"Brogrammer" or "tech bro" are slang terms often used to label a stereotypically masculine programmer. Brogrammer is a portmanteau of bro and programmer. It is often used pejoratively, but some programmers self-describe themselves as a brogrammer positively as a word for "sociable or outgoing programmer", and it also tends to represent a subculture within the greater tech industry. An example sometimes cited of targeted advertising toward "brogrammers" is an early Klout hiring advert posted at a Stanford University career fair as "Want to bro down and crush some code? Klout is hiring." The company later described it as a joke and as an unfortunate misstep.
Brogrammer culture has been said to have created an entry barrier based on adherence to the image presented by its participants, rather than ability. It can be viewed as antithetical to geek culture, which emphasizes ability and passion for field over image.
Effects on participation of women in computing
In a 2015 interview, Megan Smith, then-President of the United States Barack Obama's top policy adviser on technology, said to an audience gathered at Capitol Hill that tech companies acknowledge that their hiring of women is less than stellar; however, "despite promises to do better, only those that make it a top priority will see progress." Smith also noted brogrammers culture as a contributing factor to the issue.

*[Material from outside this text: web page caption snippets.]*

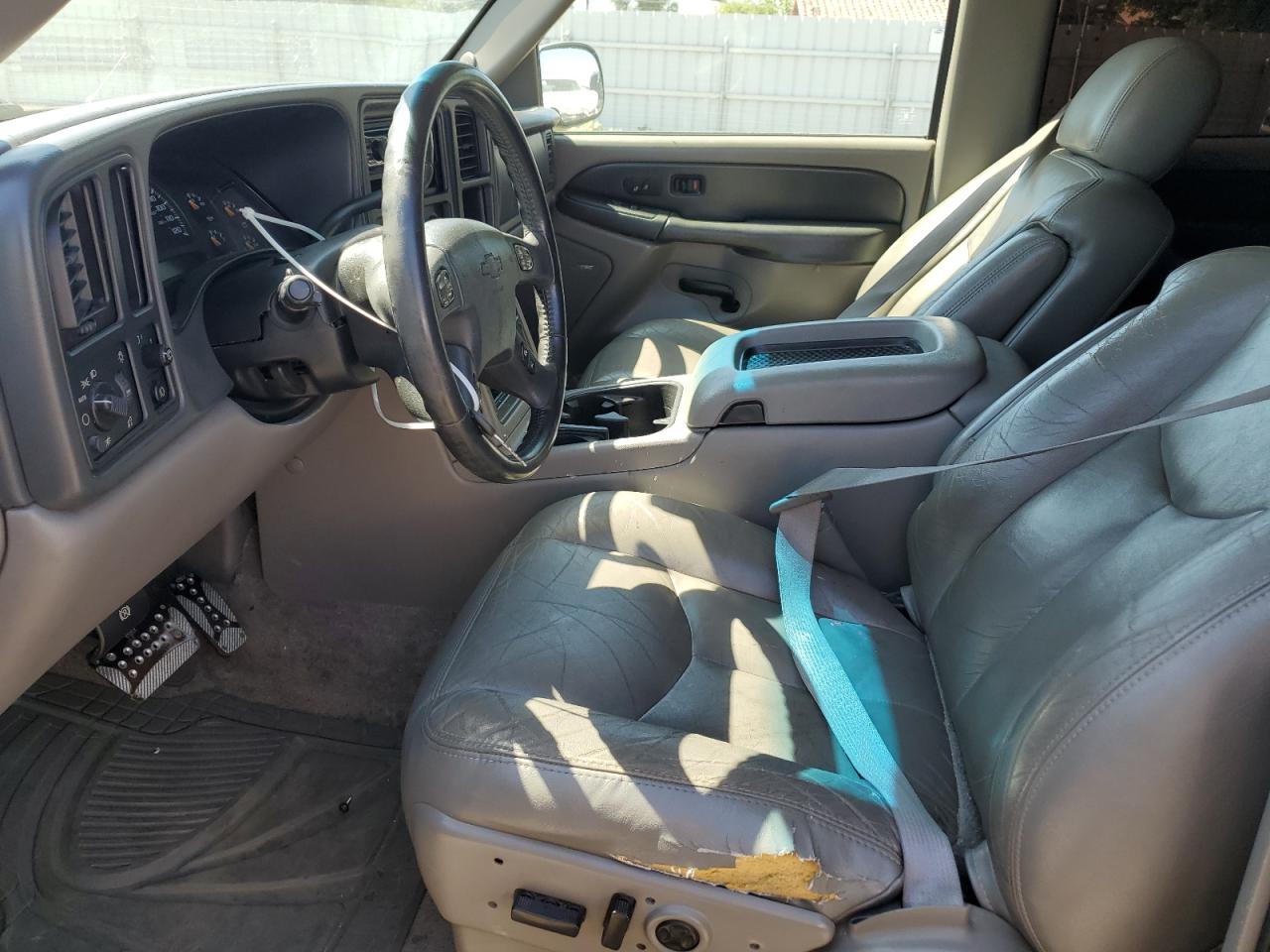 2003 Chevrolet Tahoe C1500 VIN: 1GNEC13T53R259468 Lot: 52733394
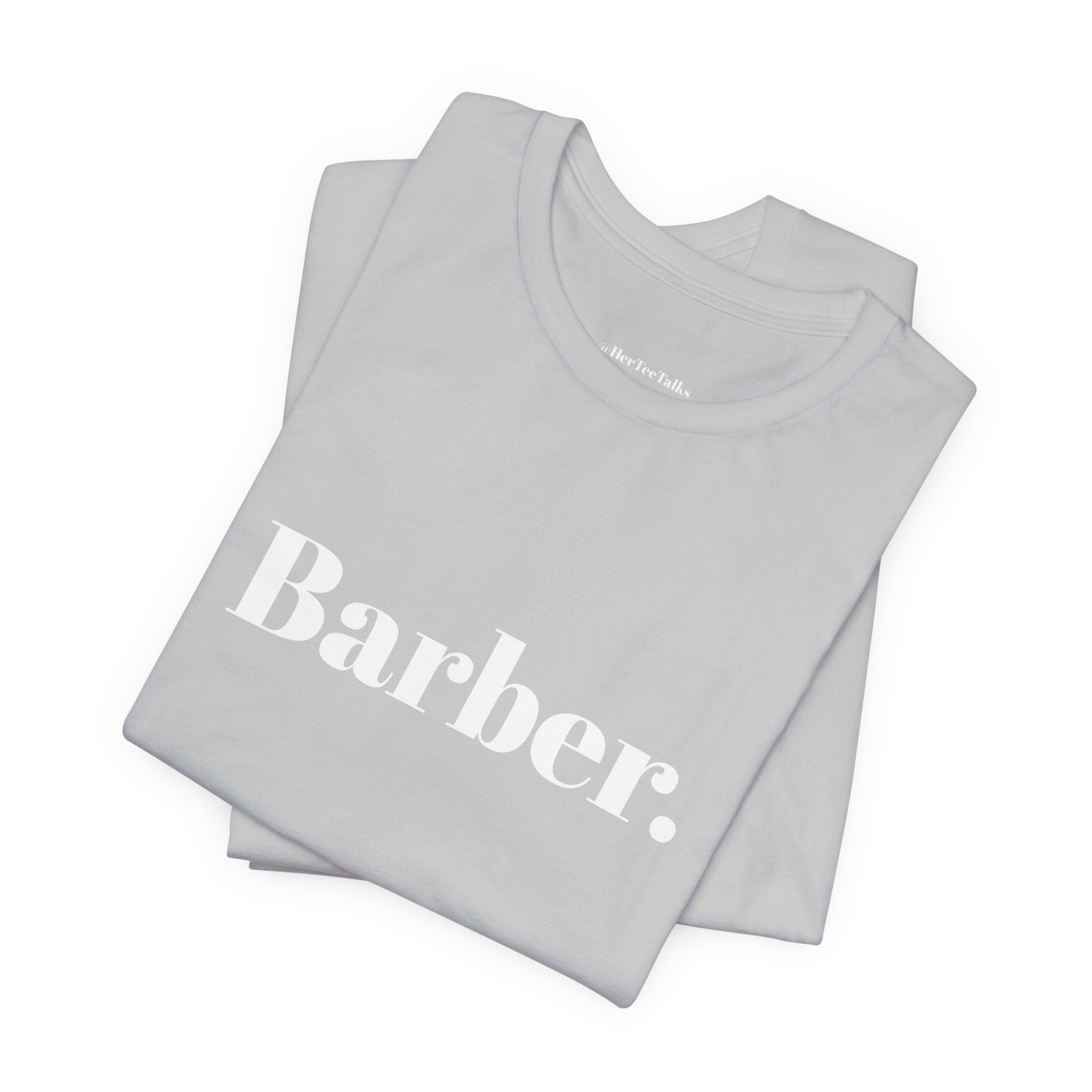 "Barber"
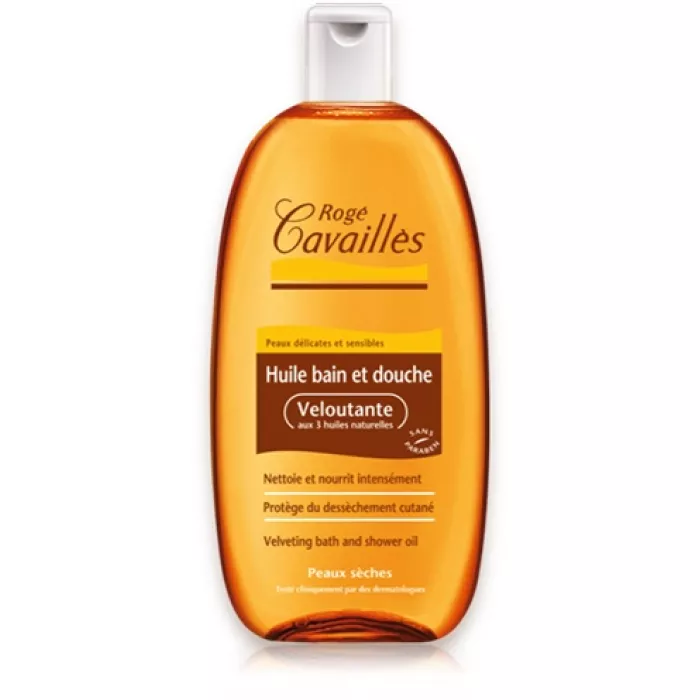 Ulei catifelant pentru baie si dus (500 ml) Ulei catifelant pentru baie si dus (500 ml)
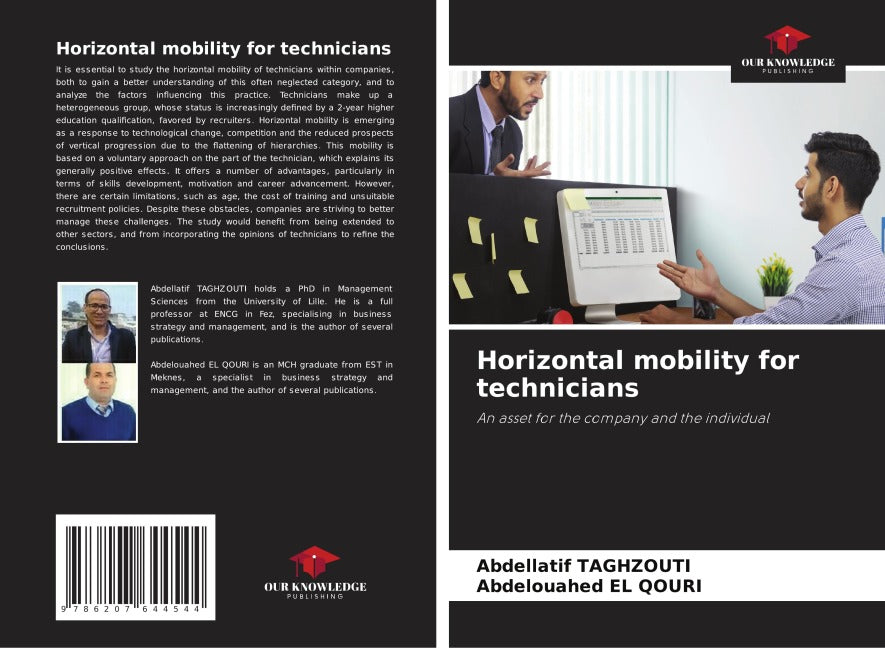 Product Image: Horizontal mobility for technicians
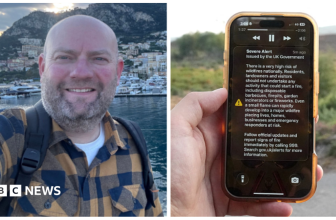 Serious questions over use of UK emergency alerts, its creators say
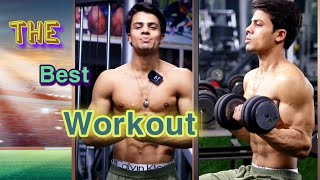 The Perfect Workout Routine For Teens (Science-Based) || Fun and Cute Channel ||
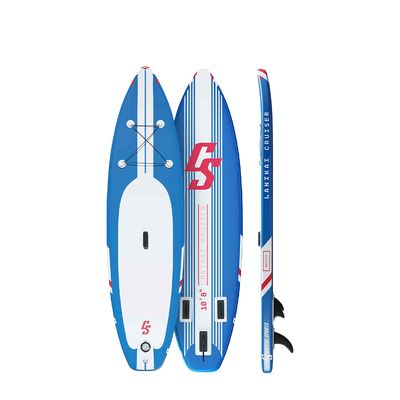 Capital Sup Lanikai Cruiser 10&#39;8&quot; Blue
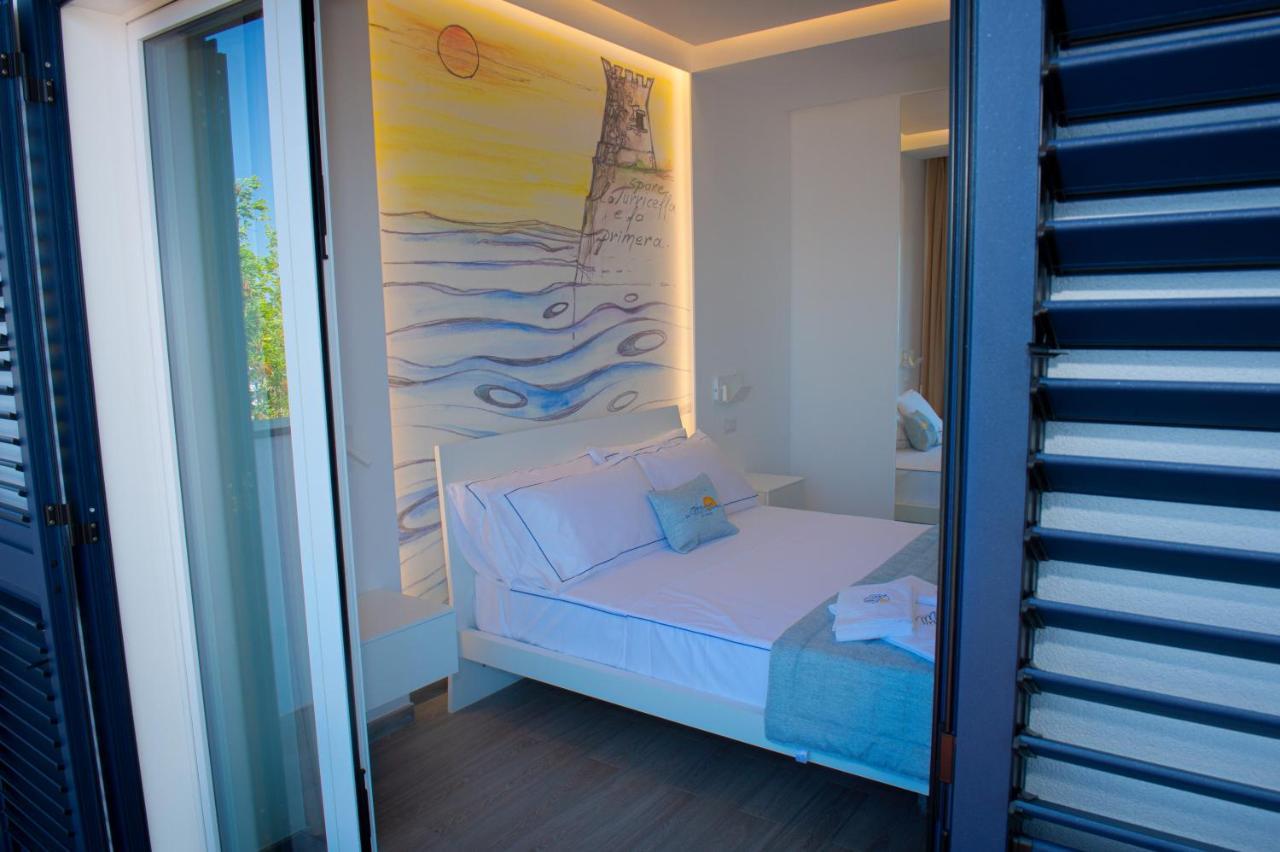 Mbaccimari B&B Четраро Экстерьер фото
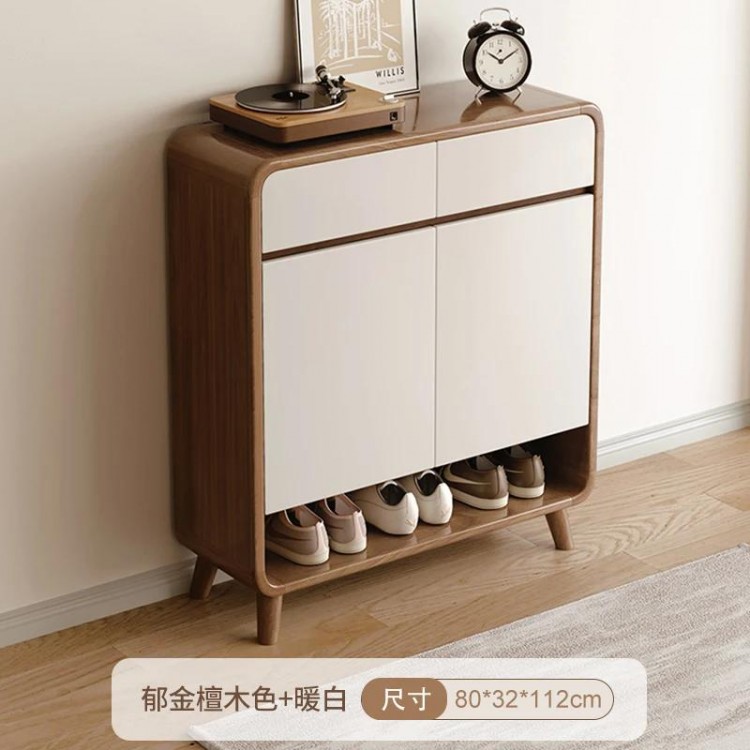 Organize Drawers Living Room Cabinets Shelf Free Shipping Simplified China Storage Cabinet Modern Minimalist Vitrina Furniture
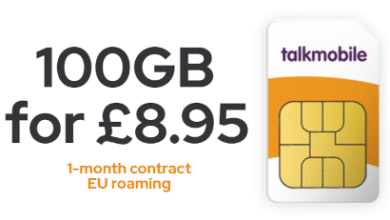talkmobile sim only deals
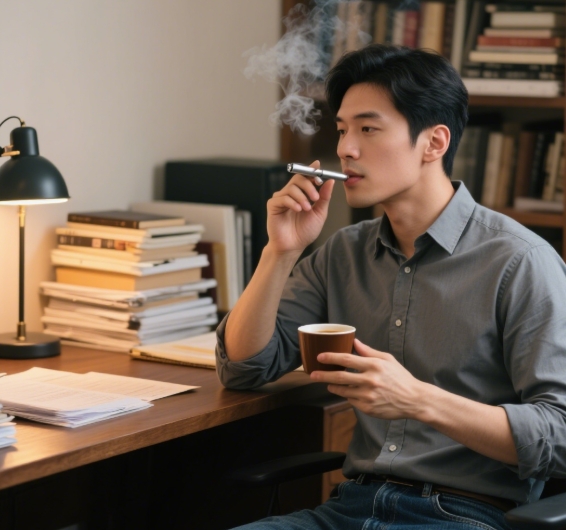 Vapores de controversia: la batalla de los cigarrillos electr&oacute;nicos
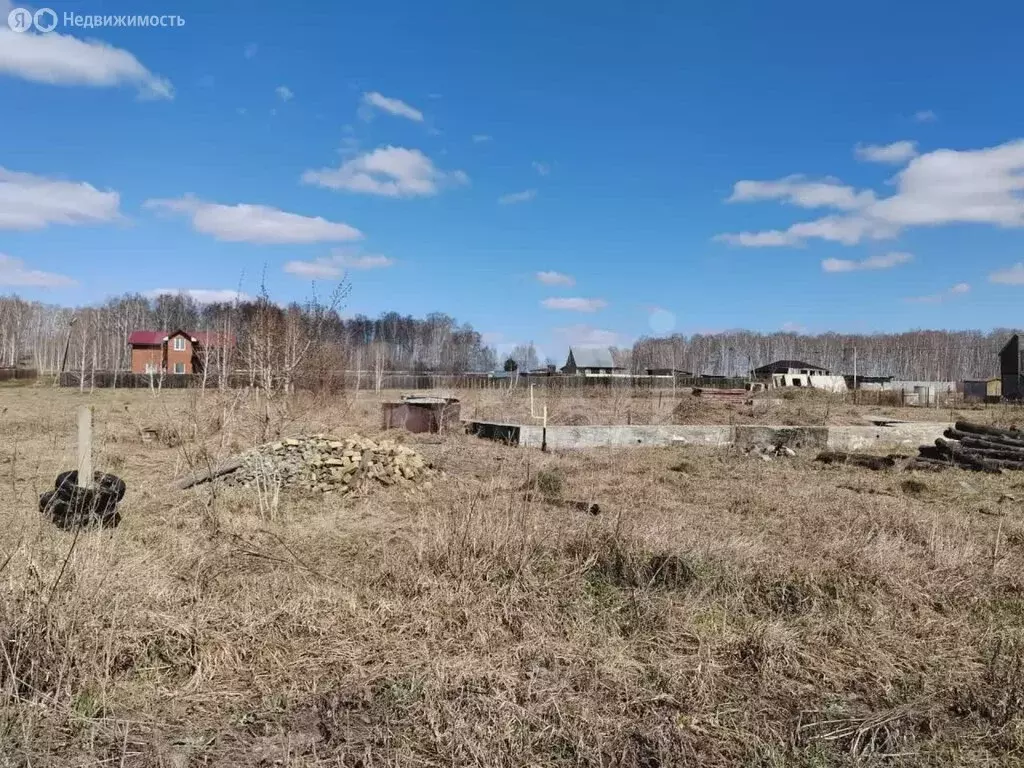 Участок в село Пустозёрово, Северная улица (12.5 м) - Фото 1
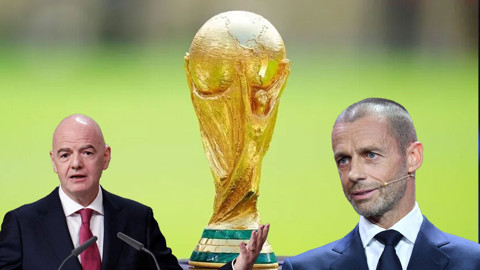 Futbolda kıyamet Koptu! Dünya Kupası satış krizi: UEFA'dan FIFA'ya tarihi meydan okuma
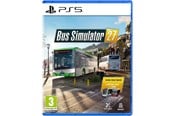 Spil - Bus Simulator 27 - Sony PlayStation 5 - Simulator - 4041417872121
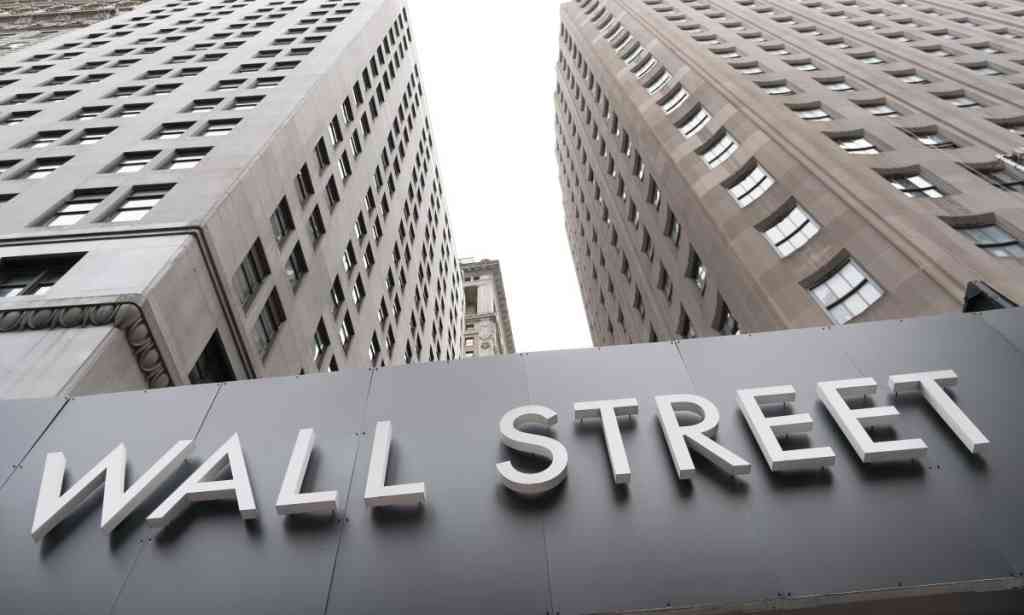 Efek Buyback Mereda, Wall Street Tertekan Utang AS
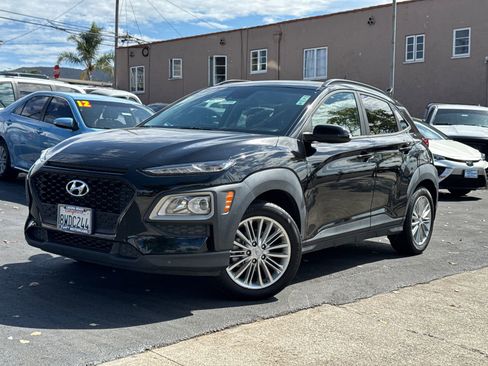 Used 2021 Hyundai Kona SEL w/ Cargo Package image 2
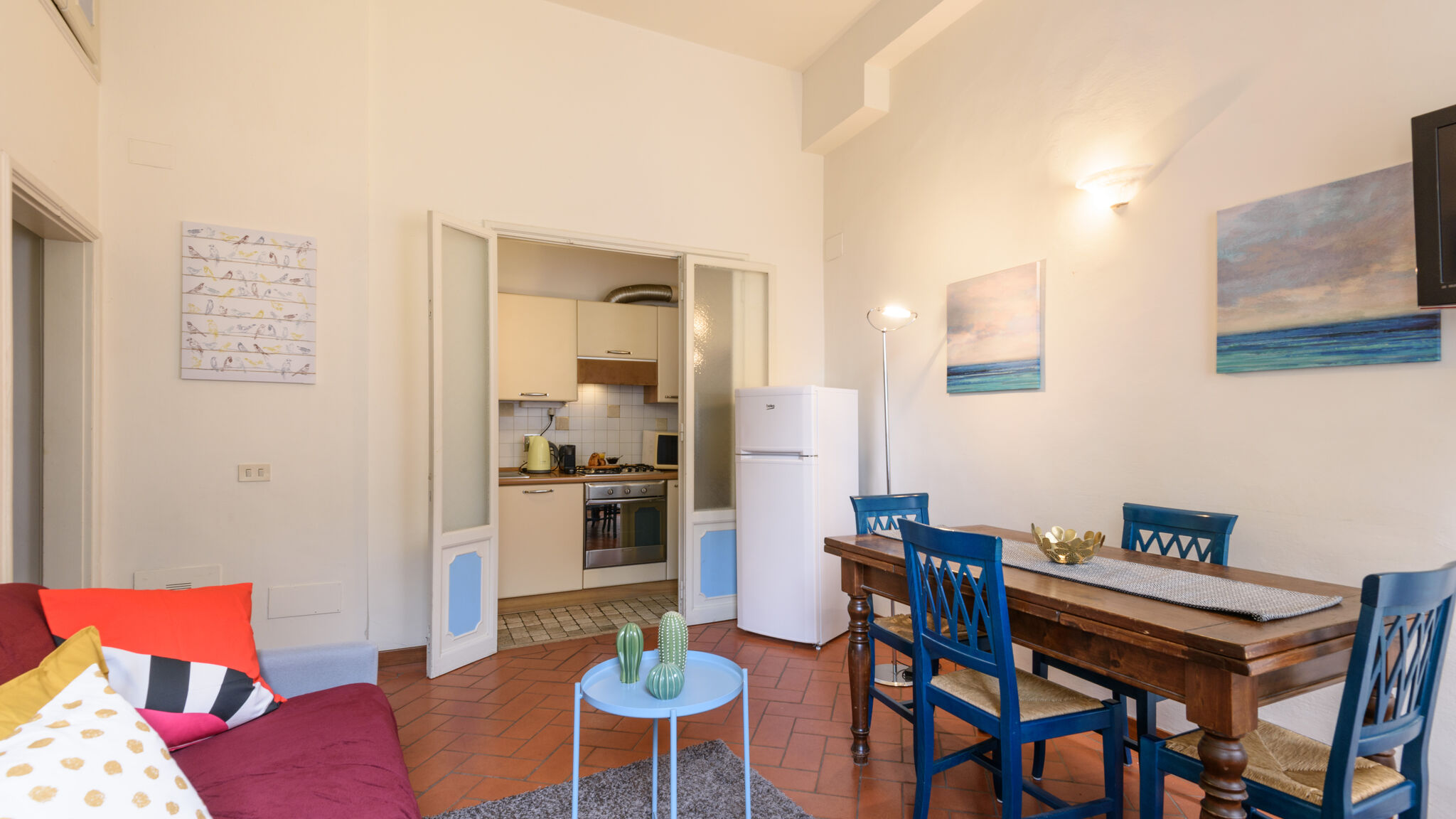 Italianway Firenze San Giorgio - Manzoni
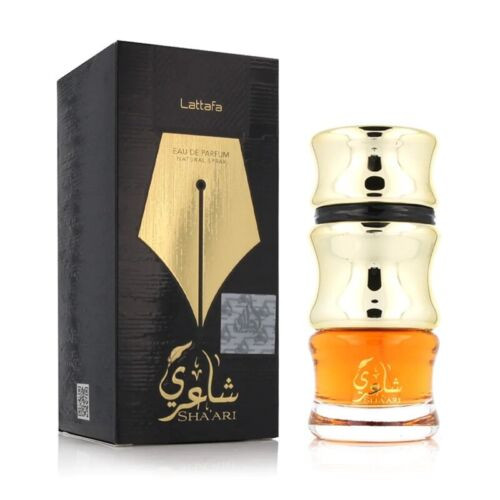 Lattafa Shaari Eau De Parfum 3.4 Oz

In a dissenting article in Gizmodo, Sam Biddle argues that the sexist effect of the brogrammer culture has actually been overblown by the press. He does not deny that there are "brogrammers", rather he argues that "the brogrammer as phenomenon is mythology, a fairytale figure conjured up by the confused and outmoded to explain progress in an old and stodgy industry." Whether or not the "brogrammer effect" is significant, many new initiatives have arisen that seek to promote women in computer science and counter hostile culture.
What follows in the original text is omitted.